This commentary is on the article by Sigurdardottir et al. on pages 10561061 of this issue
Why are children with cerebral palsy more likely to have emotional and behavioural difficulties?
Article first published online: 23 JUN 2010
© The Author. Journal compilation © Mac Keith Press 2010
Developmental Medicine & Child Neurology
Volume 52, Issue 11, page 986, November 2010
How to Cite
COLVER, A. (2010), Why are children with cerebral palsy more likely to have emotional and behavioural difficulties?. Developmental Medicine & Child Neurology, 52: 986. doi: 10.1111/j.1469-8749.2010.03721.x
- Issue published online: 23 JUN 2010
- Article first published online: 23 JUN 2010
There have been few studies of emotional and behavioural difficulties in preschool children with cerebral palsy (CP). The paper by Sigurdardottir et al.1 has strong design features with a control group and reports from parents and teachers. Although the sample of 36 is small, this is really only a problem for the subgroup analyses which have such large confidence intervals that interpretation is speculative. Also eight of the potential sample were excluded because of severe disability, again rendering suspect the subgroup analyses by IQ and motor function.

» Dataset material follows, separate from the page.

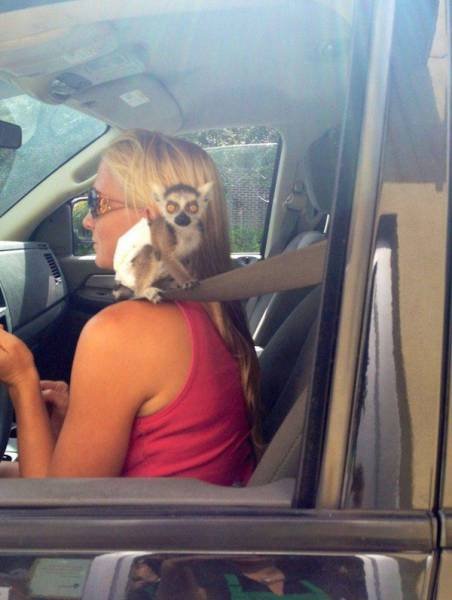 Strange Encounters On The Roads (44 pics)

The findings are generally similar to those in older children with CP. There is an increased prevalence of emotional and behavioural difficulties compared with the general population and the determinants of such difficulties are similar.
I wondered whether the article would help me answer two questions. The first is: why are emotional and behavioural difficulties more common in children with CP than in the general population? A common view is that the brain damage may have disrupted pathways or networks which regulate emotions and the learning of behaviour and render the brain less adaptive. The present finding that the difficulties are more common in the children with an IQ of less than 70 would support this.1 But it would also support the view that there may be unrecognized subtle learning difficulties2 which render many situations more difficult to cope with, leading to the reactive behaviour problems displayed by most children in such circumstances.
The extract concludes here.